Altri ancora potrebbero arrabbiarsi, innervosirsi; potrebbero cercare ad ogni costo un colpevole e a diventare scontrosi, intrattabili ed ingestibili.
Forse qualcuno, più fortunato e con maggiori risorse interne, riuscirà a adattarsi alla nuova condizione ed a trovare un certo equilibrio e serenità interiore.
Ho proposto in un ambito formativo questa consegna di identificazione, sollecitando gli operatori impegnati in un percorso formativo sull’empatia ad assumere per alcuni minuti il ruolo dell’anziano “ospite” di una “casa di riposo”. Le resistenze del gruppo sono state consistenti. C’è stato un significativo tentativo di reagire con la banalizzazione o con l’evitamento della consegna.
Nell’elaborazione è emerso il bisogno difensivo del gruppo di accantonare il confronto con la prospettiva dell’invecchiamento e del deterioramento fisico e mentale come prospettiva appartenente a ciascun essere umano.

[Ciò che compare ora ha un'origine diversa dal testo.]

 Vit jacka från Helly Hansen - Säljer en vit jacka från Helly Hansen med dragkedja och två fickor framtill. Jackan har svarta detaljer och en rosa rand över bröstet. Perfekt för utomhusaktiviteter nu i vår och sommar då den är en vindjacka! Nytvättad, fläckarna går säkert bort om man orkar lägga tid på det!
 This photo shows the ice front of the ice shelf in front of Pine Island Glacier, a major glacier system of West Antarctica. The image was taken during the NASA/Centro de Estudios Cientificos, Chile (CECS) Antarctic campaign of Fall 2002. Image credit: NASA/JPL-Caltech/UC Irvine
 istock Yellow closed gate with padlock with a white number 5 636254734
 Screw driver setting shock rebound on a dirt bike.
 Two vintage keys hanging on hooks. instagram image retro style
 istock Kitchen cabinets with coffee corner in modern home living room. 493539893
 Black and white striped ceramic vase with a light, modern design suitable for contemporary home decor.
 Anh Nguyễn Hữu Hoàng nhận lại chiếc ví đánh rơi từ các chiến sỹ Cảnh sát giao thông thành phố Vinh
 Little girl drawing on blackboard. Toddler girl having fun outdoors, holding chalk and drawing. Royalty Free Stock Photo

E’ stato inoltre percepito dal gruppo quanto la persona anziana abbia necessità di sentirsi accolta, accompagnata e sostenuta, anziché abbandonata a se stessa, magari con molti comfort di benessere fisico o peggio, con l’aggravante di forti disagi materiali.
Sarebbe straordinariamente utile proporre agli anziani (per es. nei luoghi di aggregazione o di ricovero) interventi fondati sulle metodologie che mirano a sviluppare l’intelligenza emotiva. Sarebbe particolarmente efficace offrire spazi di ascolto e comunicazione in cui l’anziano possa portare e conseguentemente elaborare la propria rappresentazione di sé, del mondo e dell’esistenza, possa cercare significati alla propria esperienza in senso vitale e non depressivo, possa esprimere le proprie paure, i propri suoi dolori, i vissuti di abbandono, di perdita e di inutilità…, così come dar voce ai propri desideri e bisogni, per non lasciare spegnere la mente. Anche le sofferenze più profonde diventano maggiormente accettabili e tollerabili se la persona che le vive è aiutata a tradurle in parola, a dargli un nome, una collocazione, senza che queste siano banalizzate e generalizzate, ma accolte e capite per quello che sono e/o rappresentano.
Una prospettiva di questo genere è destinata ovviamente a scontrarsi con la tendenza socialmente dominante (a maggior ragione in periodo di crisi) a non investire risorse sulla tenuta e sulla crescita mentale degli anziani. ,
Una prospettiva di questo genere va decisamente contro corrente rispetto ad una cultura diffusa in base alla quale la mente degli anziani irreversibilmente si spegne, senza che ci sia alcuna possibilità di sollecitare risorse neurofisiologiche e psicologiche positive e vitali.
Mi ha colpito molto l’illustrazione, che fa Siegel, di un caso di un paziente di 91 anni, che è riuscito a realizzare straordinarie trasformazioni mentali attraverso un intervento di psicoterapia e di apprendimento di un impegno meditativo definita mindsight (cfr. Mindsight. La nuova scienza della trasformazione personale, Cortina, Milano, 2010).
«Capacità eminentemente umana, la mindsight – scrive Siegel – ci permette di esaminare più da vicino, nel dettaglio e in profondità, i processi, attraverso cui pensiamo, proviamo emozioni e mettiamo in atto specifici comportamenti. Essa ci permette di riplasmare e di ridirezionare la nostra esperienza, così da poter disporre di maggiore libertà di scelta nelle nostre azioni quotidiane, di maggiore potere per creare il nostro futuro».
C’è indubbiamente un rapporto tra la teoria della mindsight, elaborata dallo psicoterapeuta e neurobiologo Siegel e la proposta della mindfullness, rielaborata in Occidente dalla pratica millenaria meditativa e yoga e dallo studio della mente presente nel buddismo. La mindsight si fonda sulla mindfulness e propone una specifica prospettiva di prevenzione, riparazione e cura.
Certamente il soggetto umano è destinato all’invecchiamento (e alla morte), ma occorre ricordare e ricordarci che può affrontare il proprio destino con la fiducia nelle potenzialità della propria mente.